Review

The Day The Earth Stood Still

Director    Scott Derrickson
Starring    Keanu Reeves, Jennifer Connelly, Jaden Smith, Jon Hamm, Kathy Bates
Release    12 DEC (US) 12 DEC (UK)    Certificate 12A
2 stars

Ali

14th December 2008

And so we come to the apocalypse once more - cinemagoers are now so blasé about the end of the world that even if aliens zapped Earth's landmarks tomorrow, we'd simply shrug and blog about how Michael Bay did it better. This latest space invader, a refit of the seminal '50s eco-fable, suffers from comparisons to bigger, louder and cleverer sci-fi spectacles. The result is a movie which doesn't know whether it wants to be Independence Day or An Inconvenient Truth, and in compromising, falls somewhere between the two - lacking the balls to blow shit up in style and the brains to tackle a hot-button topic.

Things get off to a promising start.
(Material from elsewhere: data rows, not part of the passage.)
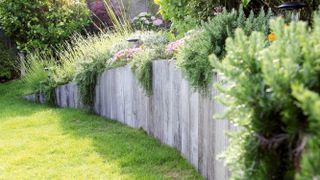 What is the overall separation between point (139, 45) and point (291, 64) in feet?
14.6

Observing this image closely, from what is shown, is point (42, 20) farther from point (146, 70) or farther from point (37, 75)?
point (146, 70)

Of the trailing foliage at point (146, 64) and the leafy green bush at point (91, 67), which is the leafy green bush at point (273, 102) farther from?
the leafy green bush at point (91, 67)

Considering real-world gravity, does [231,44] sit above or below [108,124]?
above

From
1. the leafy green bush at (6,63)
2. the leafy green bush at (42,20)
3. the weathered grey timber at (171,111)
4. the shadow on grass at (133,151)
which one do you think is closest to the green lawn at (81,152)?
the shadow on grass at (133,151)

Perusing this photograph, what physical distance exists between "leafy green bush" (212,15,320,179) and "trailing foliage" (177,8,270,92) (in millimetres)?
1437

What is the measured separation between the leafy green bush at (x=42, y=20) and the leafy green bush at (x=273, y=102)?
8604 millimetres

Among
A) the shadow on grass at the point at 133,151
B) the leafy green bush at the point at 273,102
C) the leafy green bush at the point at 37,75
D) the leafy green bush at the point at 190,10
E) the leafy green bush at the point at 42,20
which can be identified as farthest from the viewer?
the leafy green bush at the point at 42,20

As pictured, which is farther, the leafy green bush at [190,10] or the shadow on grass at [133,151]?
the leafy green bush at [190,10]

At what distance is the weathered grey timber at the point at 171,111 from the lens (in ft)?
9.28

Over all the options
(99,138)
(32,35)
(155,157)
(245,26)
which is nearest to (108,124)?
(99,138)

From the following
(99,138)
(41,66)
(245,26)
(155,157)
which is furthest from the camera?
(41,66)

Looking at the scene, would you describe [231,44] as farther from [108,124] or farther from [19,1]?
[19,1]

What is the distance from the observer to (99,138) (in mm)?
4438

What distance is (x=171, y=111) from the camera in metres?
3.82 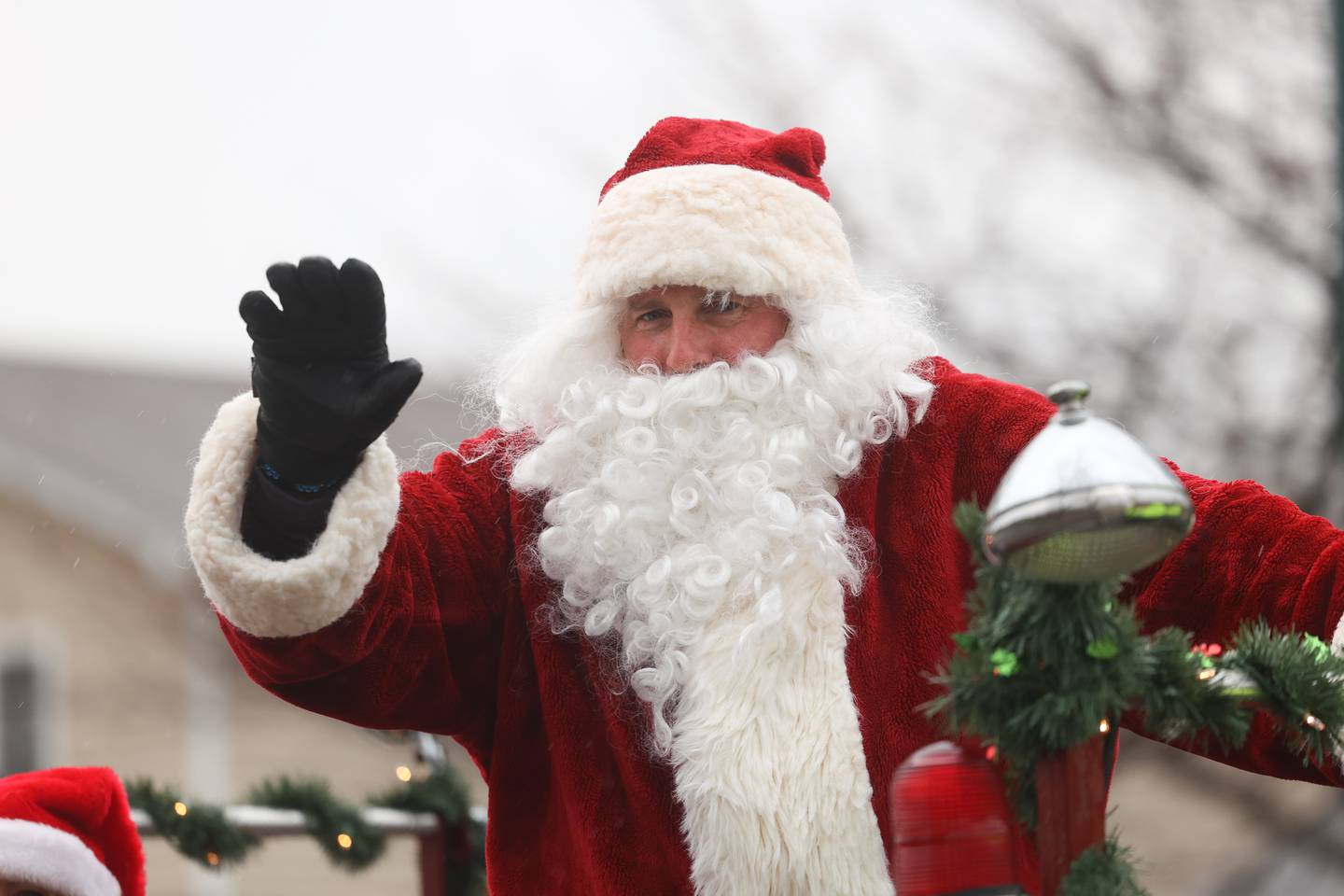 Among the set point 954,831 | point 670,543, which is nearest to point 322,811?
point 670,543

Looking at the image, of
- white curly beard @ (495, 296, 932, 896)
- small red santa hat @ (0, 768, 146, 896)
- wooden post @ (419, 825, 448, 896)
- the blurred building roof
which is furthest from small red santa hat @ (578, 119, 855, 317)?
the blurred building roof

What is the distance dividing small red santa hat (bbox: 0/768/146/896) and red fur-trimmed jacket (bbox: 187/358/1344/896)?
0.64 meters

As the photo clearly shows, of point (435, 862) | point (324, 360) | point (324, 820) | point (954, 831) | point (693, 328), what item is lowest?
point (435, 862)

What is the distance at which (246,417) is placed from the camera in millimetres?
2840

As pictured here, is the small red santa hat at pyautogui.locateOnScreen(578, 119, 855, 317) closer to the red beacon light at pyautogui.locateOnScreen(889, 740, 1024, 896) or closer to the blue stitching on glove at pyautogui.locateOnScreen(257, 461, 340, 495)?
the blue stitching on glove at pyautogui.locateOnScreen(257, 461, 340, 495)

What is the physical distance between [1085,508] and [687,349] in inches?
70.9

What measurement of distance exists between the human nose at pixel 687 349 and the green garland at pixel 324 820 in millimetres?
1624

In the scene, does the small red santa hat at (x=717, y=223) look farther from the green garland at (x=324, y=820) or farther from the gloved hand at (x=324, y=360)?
the green garland at (x=324, y=820)

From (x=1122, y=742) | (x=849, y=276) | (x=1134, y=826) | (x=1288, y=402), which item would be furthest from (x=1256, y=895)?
(x=849, y=276)

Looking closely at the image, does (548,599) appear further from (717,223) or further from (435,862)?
(435,862)

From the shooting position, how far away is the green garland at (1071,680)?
5.87 ft

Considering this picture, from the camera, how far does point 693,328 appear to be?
3.40 meters

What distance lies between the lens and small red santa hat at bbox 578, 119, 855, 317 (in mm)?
3324

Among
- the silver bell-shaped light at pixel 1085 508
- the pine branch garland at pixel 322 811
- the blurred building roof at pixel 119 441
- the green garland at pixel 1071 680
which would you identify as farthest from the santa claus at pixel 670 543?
the blurred building roof at pixel 119 441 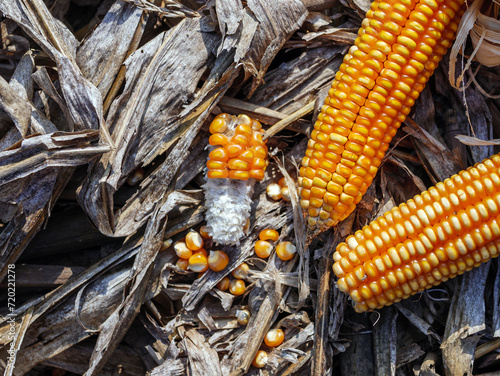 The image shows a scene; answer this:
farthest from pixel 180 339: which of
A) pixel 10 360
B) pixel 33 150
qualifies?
pixel 33 150

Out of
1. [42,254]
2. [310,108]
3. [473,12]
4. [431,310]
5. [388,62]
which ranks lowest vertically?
[431,310]

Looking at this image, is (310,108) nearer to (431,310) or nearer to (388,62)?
(388,62)

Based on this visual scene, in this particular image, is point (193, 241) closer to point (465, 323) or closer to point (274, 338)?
point (274, 338)

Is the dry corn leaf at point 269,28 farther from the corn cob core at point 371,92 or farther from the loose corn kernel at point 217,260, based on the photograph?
the loose corn kernel at point 217,260

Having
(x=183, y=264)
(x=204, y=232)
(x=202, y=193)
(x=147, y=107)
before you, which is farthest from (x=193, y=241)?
(x=147, y=107)

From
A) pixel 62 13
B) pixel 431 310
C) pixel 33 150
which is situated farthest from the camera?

Earth's biggest boffins, including Jennifer Connelly's astrobiologist Dr. Helen Benson, are rounded up and shipped out to Central Park, where a gigantic glowing green sphere has descended. Enter Klaatu (Reeves), an alien mediator from another world who, after being promptly shot on arrival, warns the people of Earth that they're killing the planet. Alongside him is his seemingly indestructible robot buddy, quickly nicknamed Gort, who stands guard over the sphere and swats away the US military's feeble attempts to take him down.

It's this interesting set-up that initially intrigues, channelling the same vibe that Robert Zemeckis struck with the vastly underrated Contact - science fiction played out as fact. Reeves, reprising his blank slate role from The Matrix, is a great fit for alien missionary Klaatu - hardly a stretch for a man who struggles to display human emotions at the best of times. When the character is played as ambiguous, the story works - who is this strange creature, and what does he want? Sadly, when Klaatu starts banging the Al Gore drum and goes all Greenpeace, the plot runs out of steam.

Sci-fi ponderer then quickly descends into bland chase movie, with the action inexplicably moving into a misty forest for a good thirty minutes towards the disappointing (anti)climax. Characters turn into cardboard cliches; Kathy Bates as a government asshole who won't listen to reason; Jon Hamm's scientist whose deadly warnings go unheeded; Robert Knepper as a military commander barking impotent orders; Will Smith Jr. as the fresh-faced kid who shows us all the way. Connelly, who tries so hard to bring warmth to an otherwise dour and miserable affair, can only plead for the fate of the planet with her puppy-dog eyes - apparently that's enough.

Rule one in the 'Sci-Fi Apocalypse' handbook: have an ending worth waiting for. Here, the world ends with a whimper, not a bang. Sure, there are scenes of large-scale destruction - don't worry, they're the ones that you've already seen in the trailers - but they're nothing more than token additions to keep the ADD-afflicted audiences happy. The movie's insulting ending breaks all of its own rules, throwing in a deus ex machina for good measure. All of the anticipation and excitement from the engaging first half is wasted, and there isn't a 'Klaatu Barada Nikto' in sight.

There are brief moments of quality - few and far between, but there all the same. Gort remains as iconic a character in his new design as he did in his dildo-esque '50s outing; Klaatu's meeting with a colleague under the Golden Arches raises a smile (one of the less intrusive product placements, believe it or not); while the idea that his people are assembling some sort of alien ark is an interesting concept but one that's ultimately ignored in the rush towards a cloying finale. Writer David Scarpa has to take the blame: the script is frill-free and gaps in the screenplay see scenes jolt from day to night and back again in quick succession.

The Day The Earth Stood Still 2008 is not nearly as offensive or soulless as most horror remakes, then, but it is a missed opportunity for sure - you'll leave the cinema not enlightened or entertained, but wondering just how mankind's last stand could wind up being so fatally underwhelming. Oh well, there's always next apocalypse.